## BRIEF
After locating the line that holds "Hi, I'm here", repeat it and each following line exactly until the material ends, skipping pictures.

## INPUT DATA
┄┄┄┄┄┄┄┄┄┄┄┄┄┄┄┄┄┄┄┄
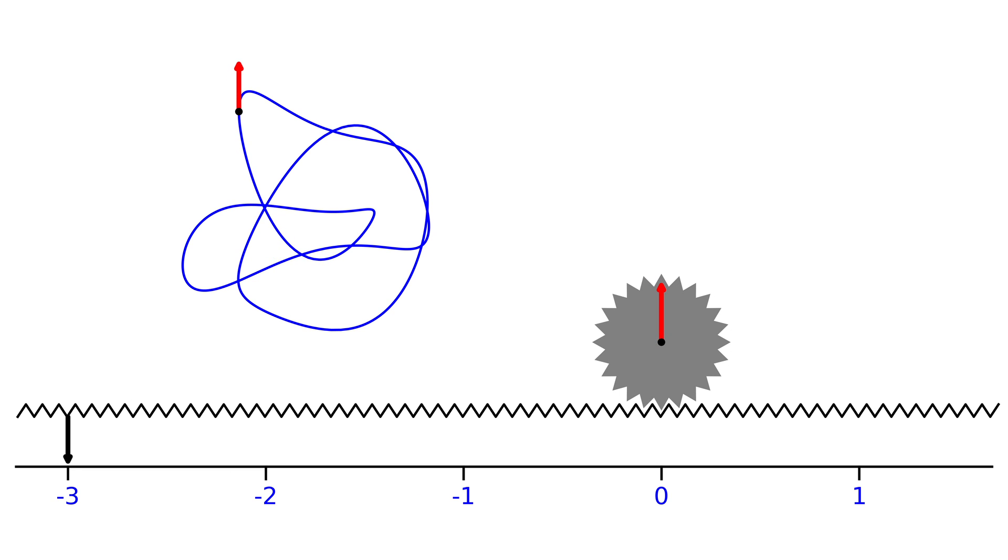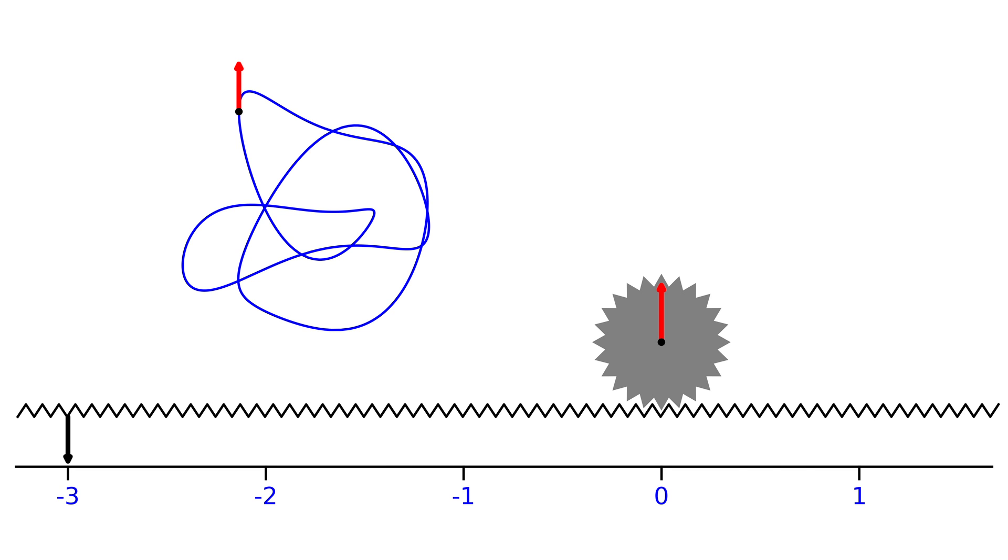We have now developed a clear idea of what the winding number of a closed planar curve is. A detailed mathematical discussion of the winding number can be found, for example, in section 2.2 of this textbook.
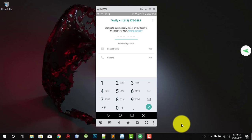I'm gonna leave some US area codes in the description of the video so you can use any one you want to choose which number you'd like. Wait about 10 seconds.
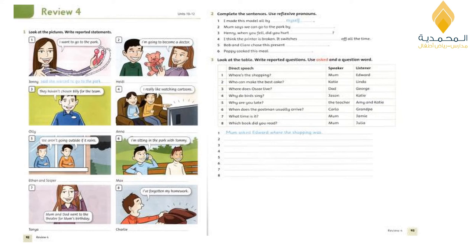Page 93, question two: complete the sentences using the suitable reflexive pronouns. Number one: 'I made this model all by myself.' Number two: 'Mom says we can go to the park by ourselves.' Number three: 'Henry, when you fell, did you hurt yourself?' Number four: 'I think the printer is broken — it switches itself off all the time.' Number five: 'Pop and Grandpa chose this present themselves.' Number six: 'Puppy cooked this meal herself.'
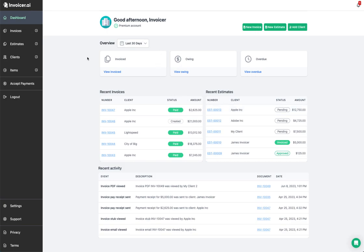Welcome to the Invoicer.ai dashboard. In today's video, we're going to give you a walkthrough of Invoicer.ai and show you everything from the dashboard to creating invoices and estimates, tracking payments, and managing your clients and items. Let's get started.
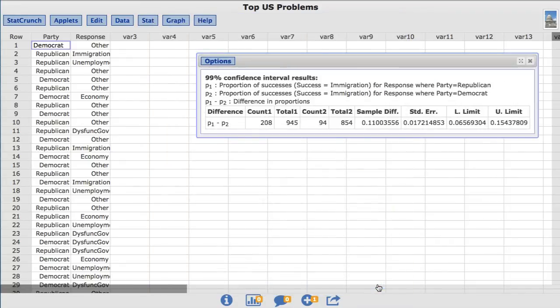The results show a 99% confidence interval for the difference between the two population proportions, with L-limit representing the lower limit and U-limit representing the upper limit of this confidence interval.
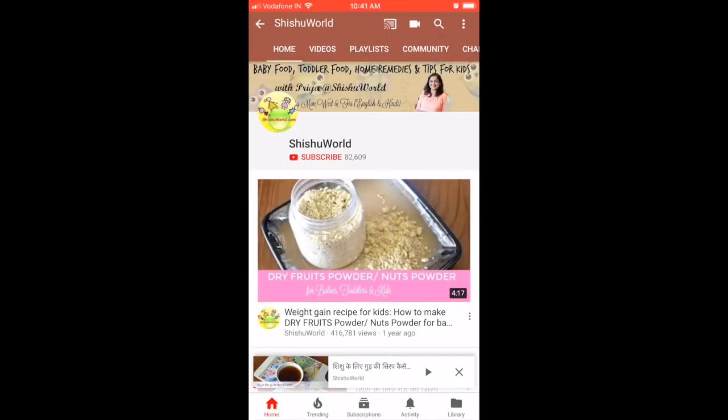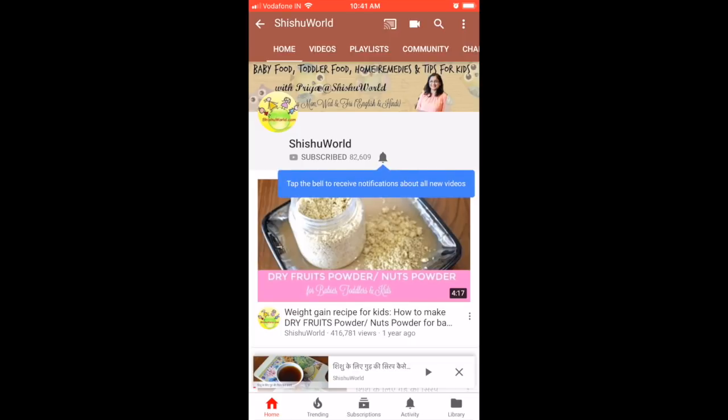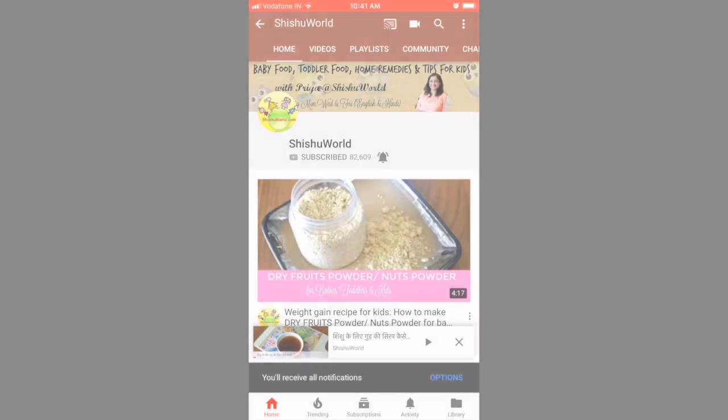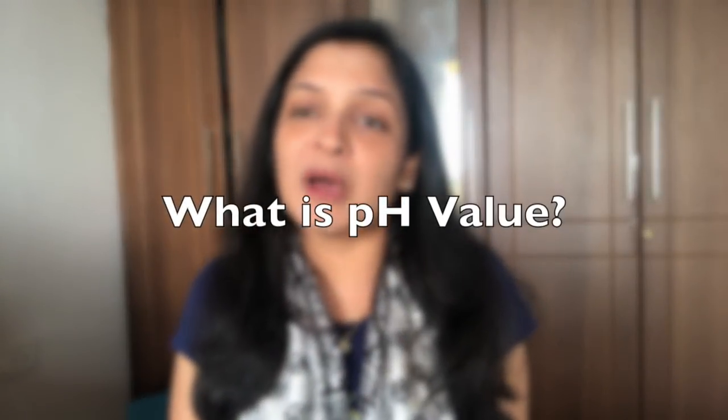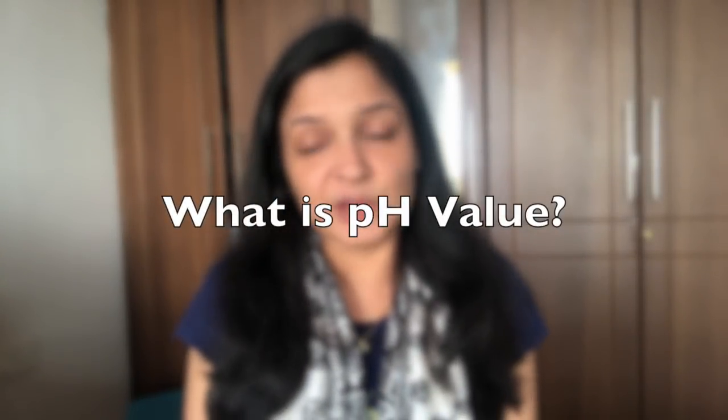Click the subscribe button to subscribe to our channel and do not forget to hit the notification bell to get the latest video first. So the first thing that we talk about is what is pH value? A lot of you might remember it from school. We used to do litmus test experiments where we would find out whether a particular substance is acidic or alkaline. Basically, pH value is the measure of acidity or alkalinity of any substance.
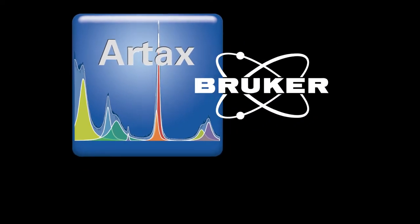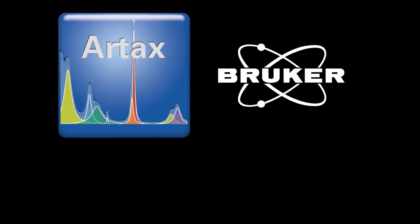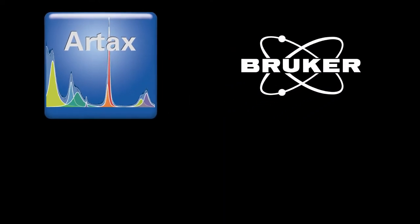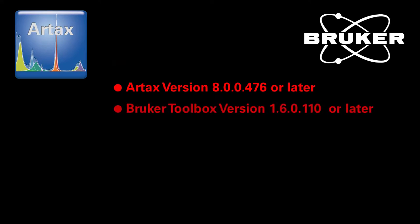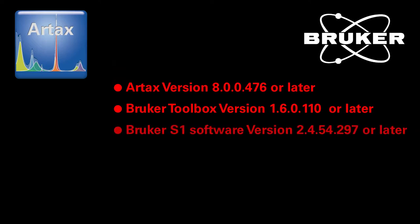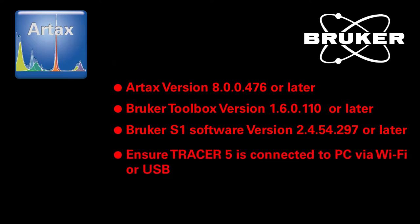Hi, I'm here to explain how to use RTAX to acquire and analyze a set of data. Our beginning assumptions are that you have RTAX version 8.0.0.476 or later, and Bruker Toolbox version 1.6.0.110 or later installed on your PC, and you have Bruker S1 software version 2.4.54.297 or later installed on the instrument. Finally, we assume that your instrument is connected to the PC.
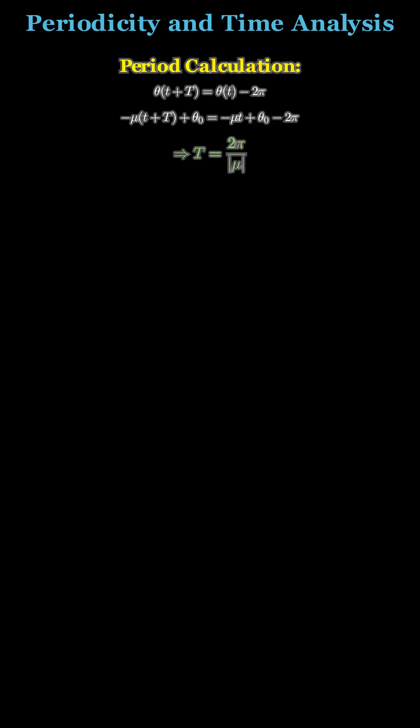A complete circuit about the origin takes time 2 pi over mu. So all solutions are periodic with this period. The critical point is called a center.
┄┄┄┄┄┄┄┄┄┄┄┄┄┄┄┄┄┄┄┄
## SOLUTION
Hi, I'm here to explain how to use RTAX to acquire and analyze a set of data. Our beginning assumptions are that you have RTAX version 8.0.0.476 or later, and Bruker Toolbox version 1.6.0.110 or later installed on your PC, and you have Bruker S1 software version 2.4.54.297 or later installed on the instrument. Finally, we assume that your instrument is connected to the PC.
A complete circuit about the origin takes time 2 pi over mu. So all solutions are periodic with this period. The critical point is called a center.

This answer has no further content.